# EXERCISE:
Write down the lines exactly as they appear, from the one that contains "陝西省・の写真　岩と光の夢の回廊4-6" through the final line of the records, so that both ends are kept and no pictures come along.

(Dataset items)
• • • •
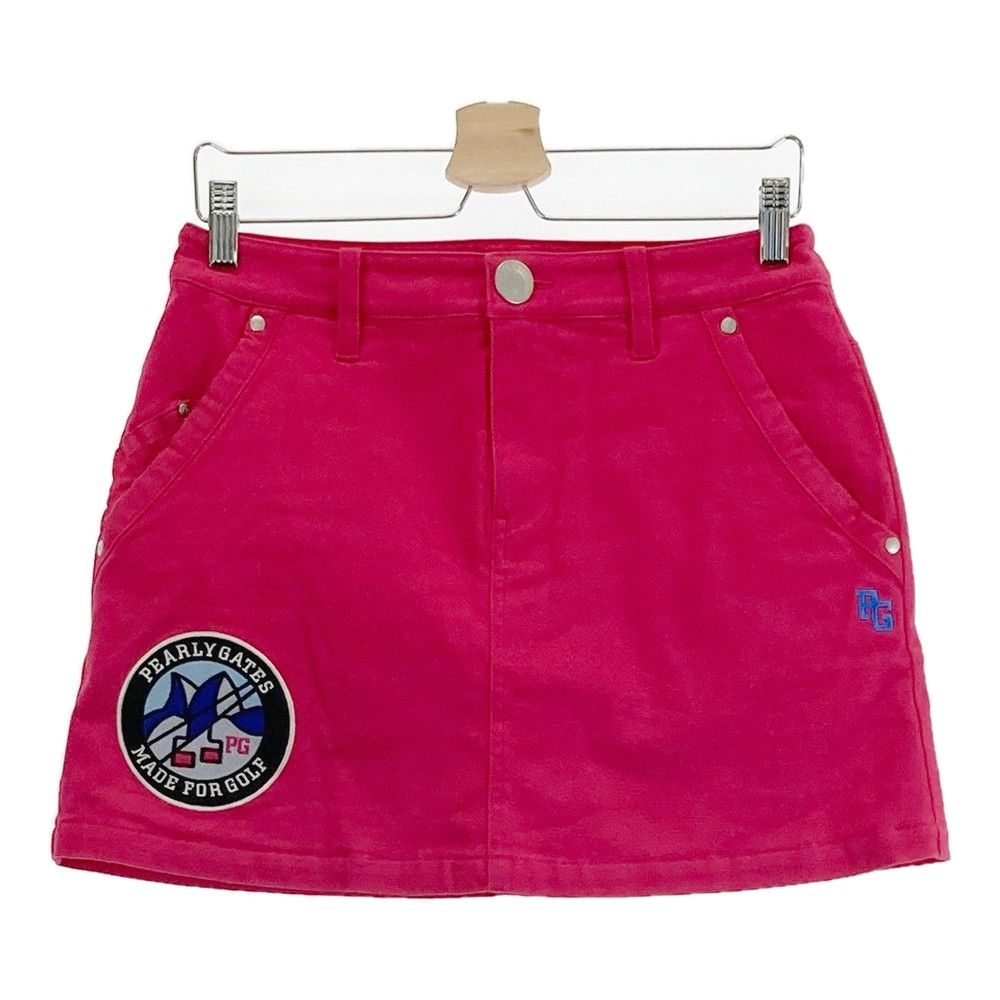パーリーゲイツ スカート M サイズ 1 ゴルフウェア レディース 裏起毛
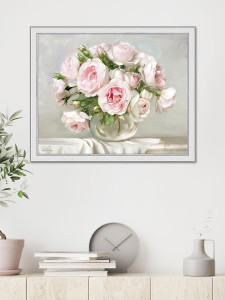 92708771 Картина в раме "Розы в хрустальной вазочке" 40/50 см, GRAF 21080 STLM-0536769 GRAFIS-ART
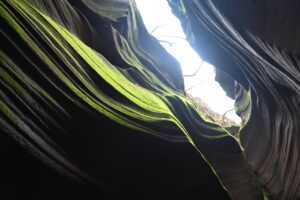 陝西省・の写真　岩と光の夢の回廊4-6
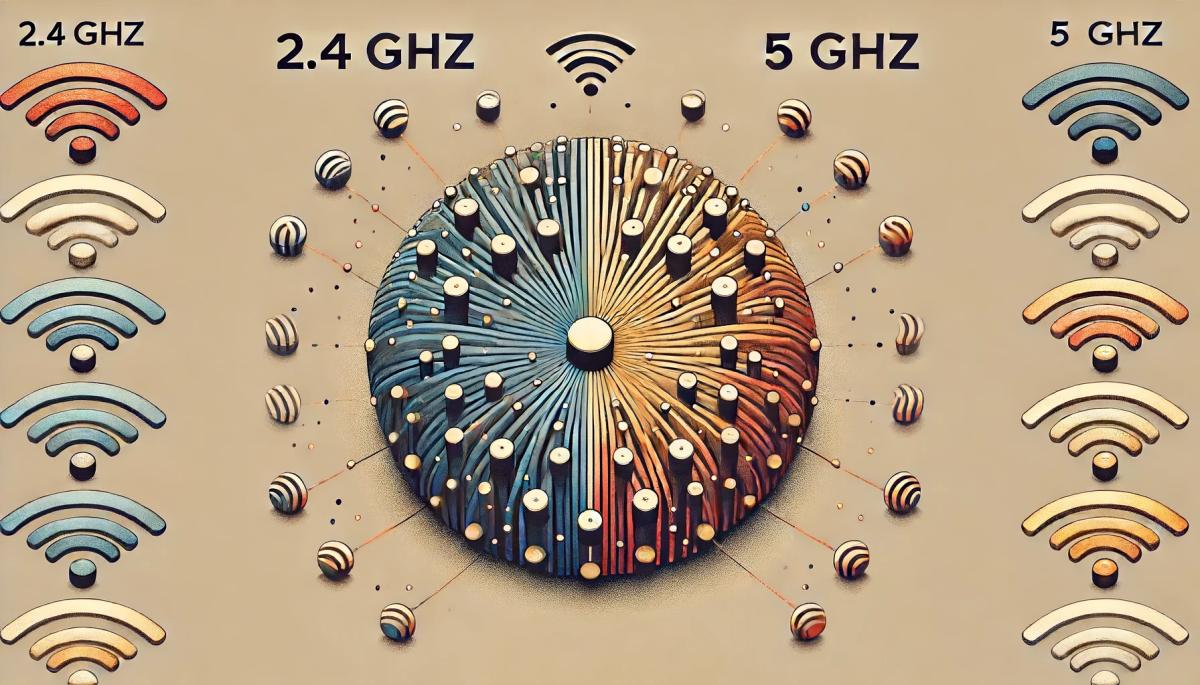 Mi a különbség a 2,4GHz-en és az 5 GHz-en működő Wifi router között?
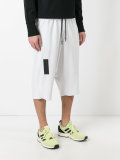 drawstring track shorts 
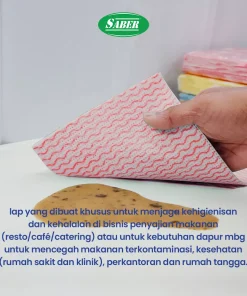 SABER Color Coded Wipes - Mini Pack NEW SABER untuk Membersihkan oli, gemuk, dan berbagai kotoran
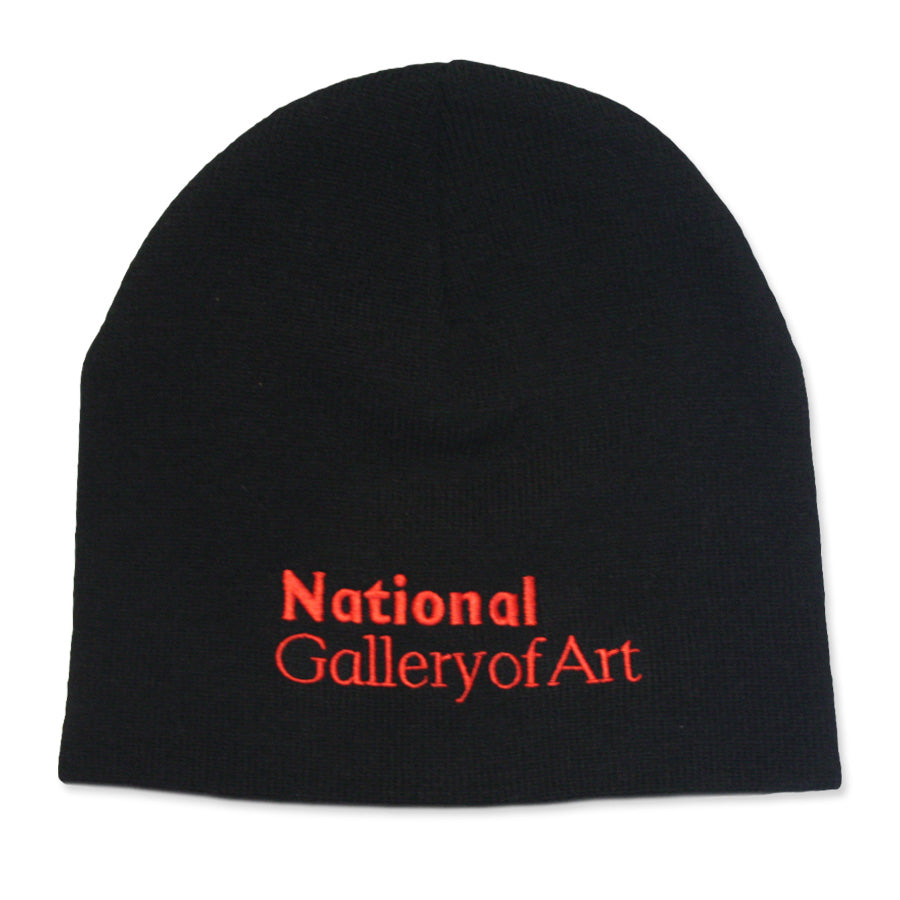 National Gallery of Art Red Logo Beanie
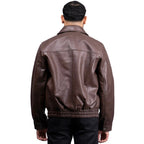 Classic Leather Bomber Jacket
• • • •
# RESPONSE BOX:
 陝西省・の写真　岩と光の夢の回廊4-6
 Mi a különbség a 2,4GHz-en és az 5 GHz-en működő Wifi router között?
 drawstring track shorts 
 SABER Color Coded Wipes - Mini Pack NEW SABER untuk Membersihkan oli, gemuk, dan berbagai kotoran
 National Gallery of Art Red Logo Beanie
 Classic Leather Bomber Jacket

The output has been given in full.